Wenn nun Karl Nehammer zugehört wird, etwa in der „Pressestunde“ am Sonntag, 26. März ’23, etwa Johanna Mikl-Leitner im „Mittagsjournal“ am Samstag, 25. März ’23, erschreckt es nicht, die Stimme des Geistes Fünfziger Jahre zu hören, zu vertraut ist diese Stimme, als daß sie noch erschrecken könnte, ein wenig verwundert der Geist noch bei Stimme ist, nach all dem Geplärre, etwa woran die Sozialdemokratie alles schuld …

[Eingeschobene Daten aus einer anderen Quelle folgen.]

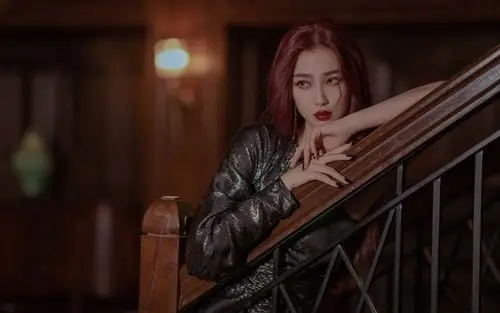 虞书欣红发性感图片-美女壁纸-高清美女图片-第2图-娟娟壁纸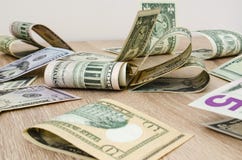 Cuore delle banconote in dollari americane immagine stock libera da diritti Cuore delle banconote in dollari americane immagine stock libera da diritti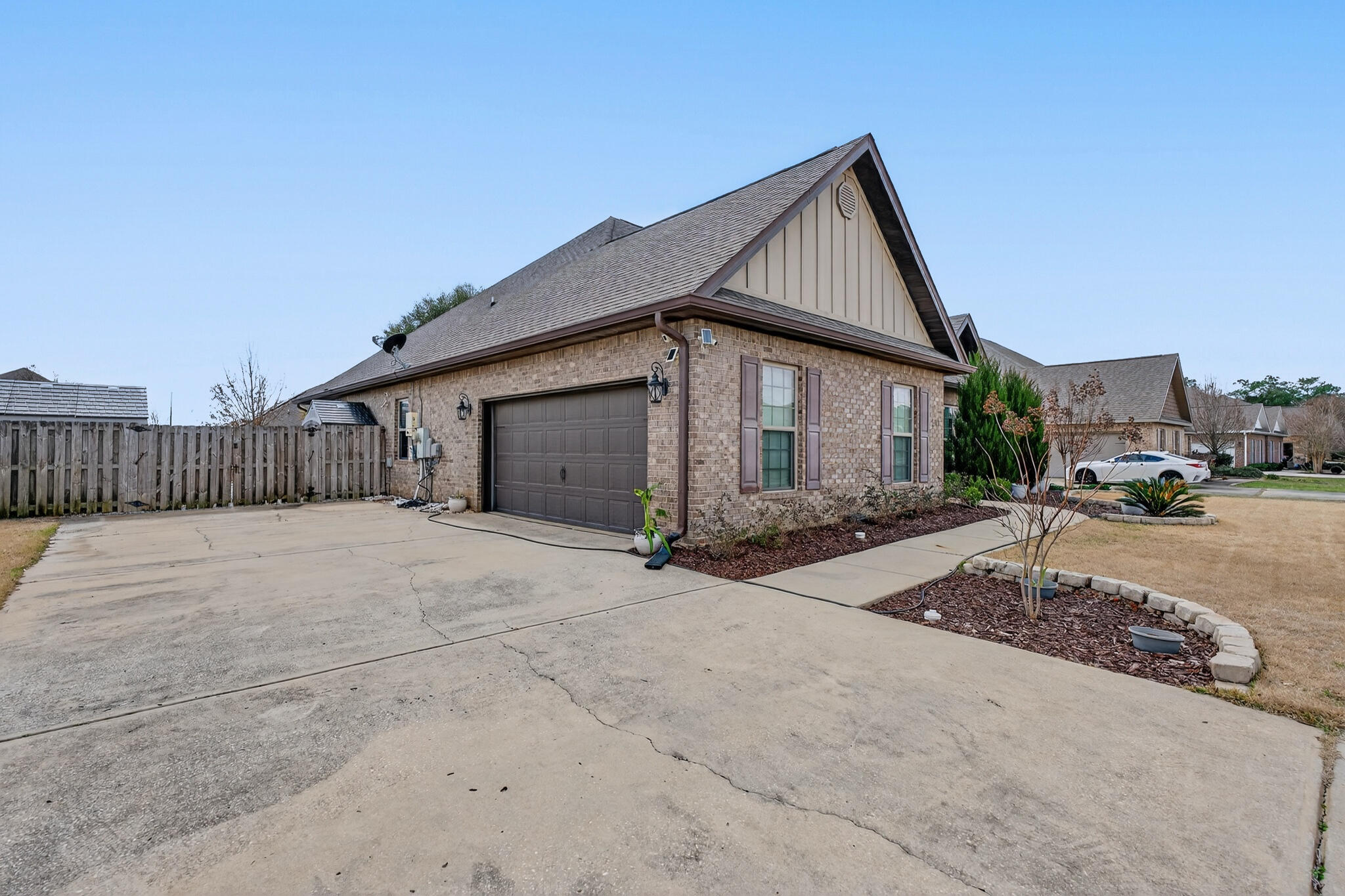 REDSTONE COMMONS - Residential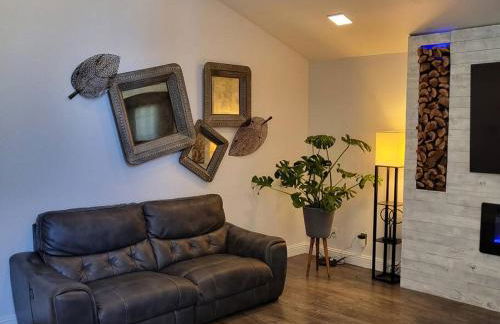 3 Bedrooms,Beautiful House with Hot Tub, Pool Oasis and Fire Pit - Foto 9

Schuld an allem sind die Sozialdemokraten, schuld an allem sind die Sozialdemokratinnen, und weil sie an allem Schuld sind, haben die volksparteilich Wertehrbaren für sie genderfreie Gattungbezeichnungen eingeführt. Vor etwas mehr als einem Jahr erst von der niederösterreichischen Innovativen: „Rotes Gsindl“. Etwas früher schon von einem Mann, auf dessen Stuhl nun Wolfgang Sobotka …: „Rote Gfrieser“ —
Und dieser Wertemann weiß, wie mit den roten Gfriesern, mit dem roten Gsindl umzugehen ist, sie rufen danach, ihnen eine aufzulegen, das ruft danach, ihm eine aufzulegen; vielleicht ist es seinem Alter geschuldet, daß er nicht mehr allen roten Gfriesern, nicht mehr dem gesamten roten Gsindl, obgleich sie alle danach rufen, eine auflegen kann, er sich im November ’20 damit begnügen muß, stellvertretend eine Sozialdemokratin für die roten …und das rote … zu nennen, die „hat danach gerufen, ihr eine aufzulegen.“, und das auch nur noch verbal …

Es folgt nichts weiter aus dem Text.